Your instructions
Starting with the line that holds "Mercedes-Benz Sprinter 2019 — 9", repeat each line through the last one below, exactly. Pictures stay out.

[Short text fragments from websites]
-- Opening Marker --
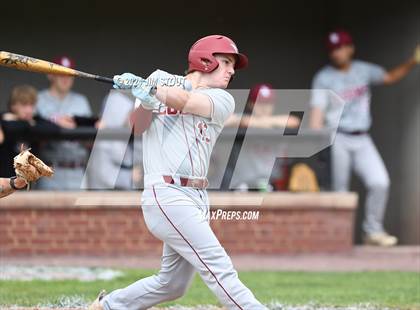 Thumbnail 3 in Loomis @ Taft (Founders League 5 vs. 6 Playoff) photogallery.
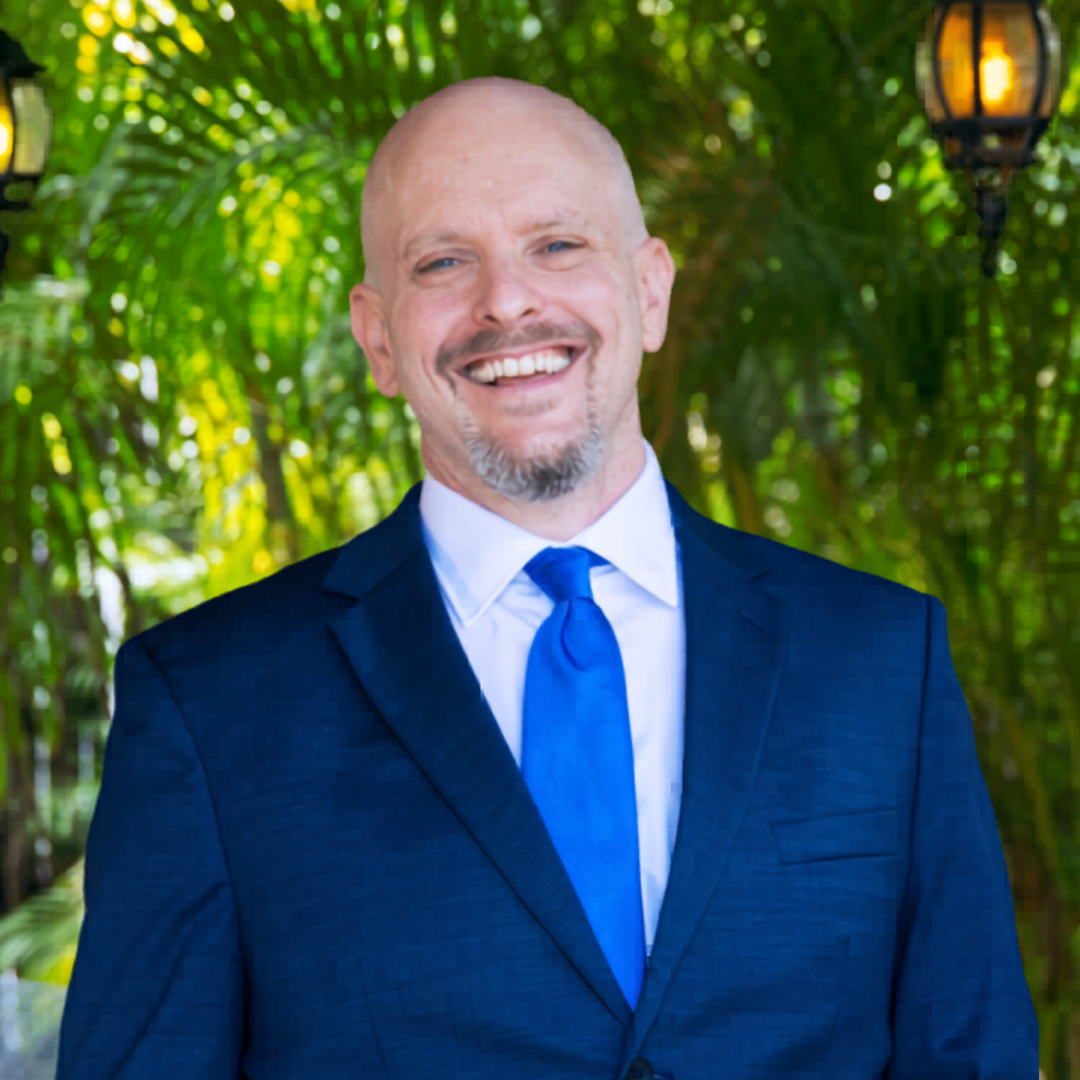 R Blank — CEO of Shield Your Body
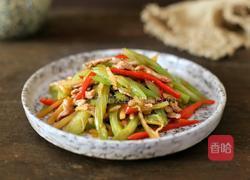 西芹瘦肉炒土豆的做法图解13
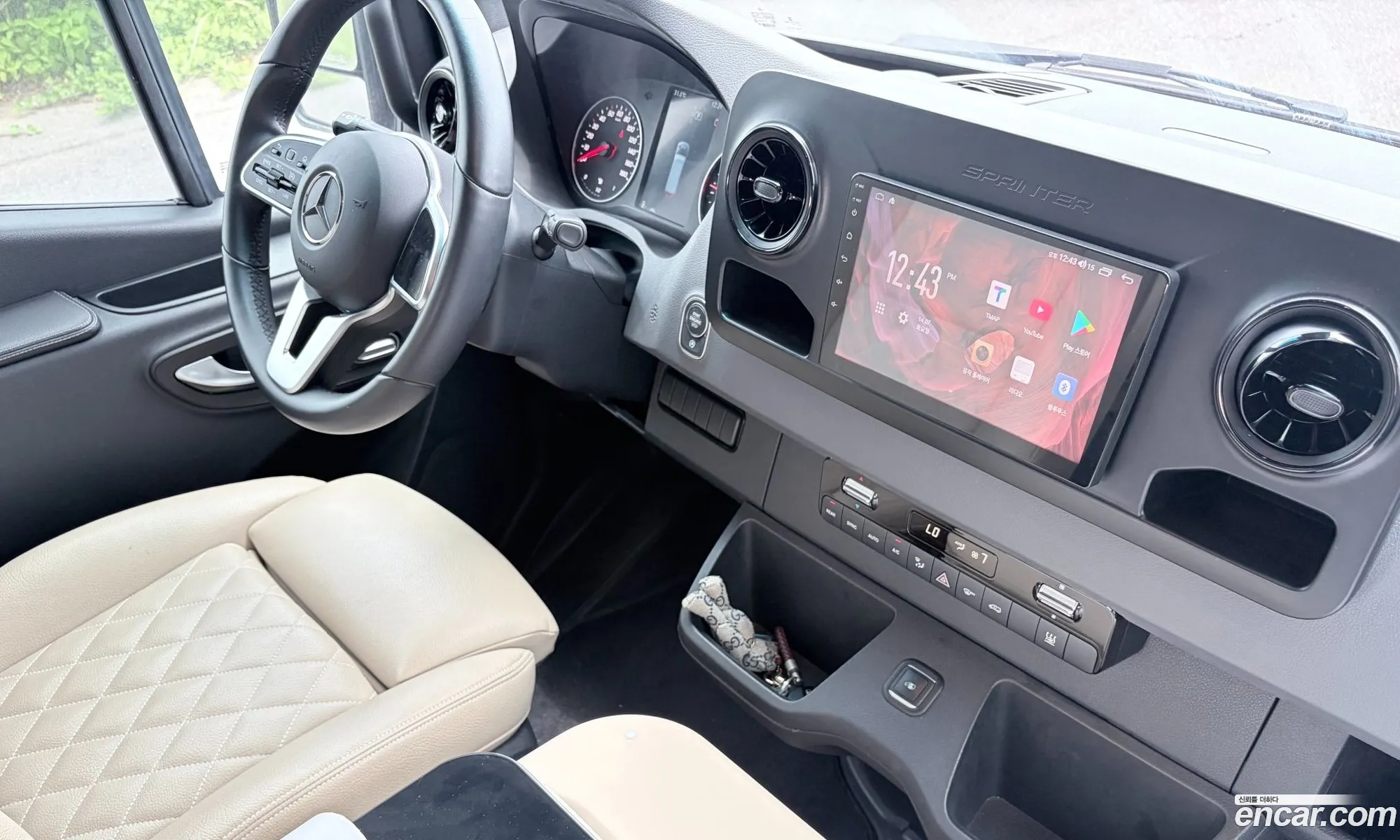 Mercedes-Benz Sprinter 2019 — 9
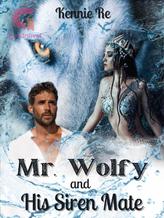 Mr. Wolfy and His Siren Mate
-- Closing Marker --
Solution for this exercise
 Mercedes-Benz Sprinter 2019 — 9
 Mr. Wolfy and His Siren Mate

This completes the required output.